▶ Task objective:
Repeat only the lines below from the one containing "Free People We" through the one containing "헤브어굿타임 빅로고 그레이 맨투맨 상품이미지1", inclusive, exactly as written.

Data items:
* * *
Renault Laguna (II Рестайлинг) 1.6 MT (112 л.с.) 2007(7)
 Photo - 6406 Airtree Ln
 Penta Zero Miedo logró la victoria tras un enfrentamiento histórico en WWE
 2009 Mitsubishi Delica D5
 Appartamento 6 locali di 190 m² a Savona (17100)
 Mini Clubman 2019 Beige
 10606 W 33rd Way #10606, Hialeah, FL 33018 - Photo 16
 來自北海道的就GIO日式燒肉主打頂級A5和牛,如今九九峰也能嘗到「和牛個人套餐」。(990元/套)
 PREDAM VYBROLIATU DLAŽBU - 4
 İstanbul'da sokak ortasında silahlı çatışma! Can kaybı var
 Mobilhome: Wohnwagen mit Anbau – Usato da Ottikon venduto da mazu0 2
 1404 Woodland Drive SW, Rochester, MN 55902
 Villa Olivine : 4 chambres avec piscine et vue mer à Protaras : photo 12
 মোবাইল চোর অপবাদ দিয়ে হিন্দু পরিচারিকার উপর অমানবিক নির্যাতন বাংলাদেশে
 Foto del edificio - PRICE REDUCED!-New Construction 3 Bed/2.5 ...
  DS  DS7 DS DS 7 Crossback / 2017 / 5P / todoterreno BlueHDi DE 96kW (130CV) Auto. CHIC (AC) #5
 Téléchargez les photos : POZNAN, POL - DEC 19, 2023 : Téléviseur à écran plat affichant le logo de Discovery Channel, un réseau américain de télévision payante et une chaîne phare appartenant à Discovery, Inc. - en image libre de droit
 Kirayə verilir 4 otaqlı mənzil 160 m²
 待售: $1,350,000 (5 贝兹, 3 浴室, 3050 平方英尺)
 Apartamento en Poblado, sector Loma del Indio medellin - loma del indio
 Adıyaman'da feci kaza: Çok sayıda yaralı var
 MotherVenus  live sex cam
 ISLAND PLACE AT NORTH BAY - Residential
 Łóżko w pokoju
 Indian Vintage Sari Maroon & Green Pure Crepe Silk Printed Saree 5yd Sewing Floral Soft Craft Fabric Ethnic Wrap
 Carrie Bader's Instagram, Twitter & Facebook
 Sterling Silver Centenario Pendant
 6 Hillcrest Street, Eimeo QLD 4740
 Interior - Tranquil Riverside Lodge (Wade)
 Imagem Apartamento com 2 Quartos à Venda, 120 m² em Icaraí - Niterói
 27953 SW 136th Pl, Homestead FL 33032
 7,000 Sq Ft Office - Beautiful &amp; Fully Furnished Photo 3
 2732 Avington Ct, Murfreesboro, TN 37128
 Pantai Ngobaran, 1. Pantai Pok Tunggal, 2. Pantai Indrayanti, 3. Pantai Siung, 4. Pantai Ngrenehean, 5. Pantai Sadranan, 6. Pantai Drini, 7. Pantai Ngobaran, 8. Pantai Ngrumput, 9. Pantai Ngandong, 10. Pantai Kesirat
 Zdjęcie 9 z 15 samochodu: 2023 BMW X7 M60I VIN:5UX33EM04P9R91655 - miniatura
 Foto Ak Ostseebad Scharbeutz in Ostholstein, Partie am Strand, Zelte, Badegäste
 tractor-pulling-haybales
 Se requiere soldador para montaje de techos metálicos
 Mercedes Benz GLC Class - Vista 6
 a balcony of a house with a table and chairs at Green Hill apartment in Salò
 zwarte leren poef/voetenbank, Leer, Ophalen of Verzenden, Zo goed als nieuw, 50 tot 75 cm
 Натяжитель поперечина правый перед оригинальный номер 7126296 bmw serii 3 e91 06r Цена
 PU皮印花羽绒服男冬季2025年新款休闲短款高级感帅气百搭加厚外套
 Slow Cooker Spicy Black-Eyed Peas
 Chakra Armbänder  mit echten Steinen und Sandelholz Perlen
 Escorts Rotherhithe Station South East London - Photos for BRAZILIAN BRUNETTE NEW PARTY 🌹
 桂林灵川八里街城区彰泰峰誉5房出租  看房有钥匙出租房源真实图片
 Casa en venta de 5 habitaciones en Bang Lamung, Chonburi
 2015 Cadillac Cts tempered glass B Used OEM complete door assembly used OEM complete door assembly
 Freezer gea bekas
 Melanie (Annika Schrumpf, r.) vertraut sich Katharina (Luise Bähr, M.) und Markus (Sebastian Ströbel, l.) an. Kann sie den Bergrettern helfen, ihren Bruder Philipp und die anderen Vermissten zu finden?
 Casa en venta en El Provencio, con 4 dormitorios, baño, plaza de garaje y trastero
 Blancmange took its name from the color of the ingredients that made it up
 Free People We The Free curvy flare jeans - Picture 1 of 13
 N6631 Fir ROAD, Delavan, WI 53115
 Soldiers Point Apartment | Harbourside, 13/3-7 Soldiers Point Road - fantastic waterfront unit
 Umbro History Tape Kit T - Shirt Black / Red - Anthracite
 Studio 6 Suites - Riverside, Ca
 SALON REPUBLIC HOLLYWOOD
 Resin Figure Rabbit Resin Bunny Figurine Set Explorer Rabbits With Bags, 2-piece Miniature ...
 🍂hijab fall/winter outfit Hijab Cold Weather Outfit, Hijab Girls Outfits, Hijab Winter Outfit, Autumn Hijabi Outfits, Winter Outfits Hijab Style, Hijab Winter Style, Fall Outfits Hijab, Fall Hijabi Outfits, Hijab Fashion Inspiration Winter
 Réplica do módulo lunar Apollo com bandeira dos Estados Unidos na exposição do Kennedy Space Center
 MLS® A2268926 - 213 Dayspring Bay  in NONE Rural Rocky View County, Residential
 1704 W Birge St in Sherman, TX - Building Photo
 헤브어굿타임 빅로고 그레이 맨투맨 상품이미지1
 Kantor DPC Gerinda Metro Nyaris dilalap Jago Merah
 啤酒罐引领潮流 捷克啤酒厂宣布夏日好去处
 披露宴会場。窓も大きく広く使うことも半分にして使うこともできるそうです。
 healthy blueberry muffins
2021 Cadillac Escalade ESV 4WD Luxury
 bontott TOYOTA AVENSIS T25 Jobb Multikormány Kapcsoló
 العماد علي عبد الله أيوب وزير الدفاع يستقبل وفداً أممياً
* * *
▶ The completed task:
 Free People We The Free curvy flare jeans - Picture 1 of 13
 N6631 Fir ROAD, Delavan, WI 53115
 Soldiers Point Apartment | Harbourside, 13/3-7 Soldiers Point Road - fantastic waterfront unit
 Umbro History Tape Kit T - Shirt Black / Red - Anthracite
 Studio 6 Suites - Riverside, Ca
 SALON REPUBLIC HOLLYWOOD
 Resin Figure Rabbit Resin Bunny Figurine Set Explorer Rabbits With Bags, 2-piece Miniature ...
 🍂hijab fall/winter outfit Hijab Cold Weather Outfit, Hijab Girls Outfits, Hijab Winter Outfit, Autumn Hijabi Outfits, Winter Outfits Hijab Style, Hijab Winter Style, Fall Outfits Hijab, Fall Hijabi Outfits, Hijab Fashion Inspiration Winter
 Réplica do módulo lunar Apollo com bandeira dos Estados Unidos na exposição do Kennedy Space Center
 MLS® A2268926 - 213 Dayspring Bay  in NONE Rural Rocky View County, Residential
 1704 W Birge St in Sherman, TX - Building Photo
 헤브어굿타임 빅로고 그레이 맨투맨 상품이미지1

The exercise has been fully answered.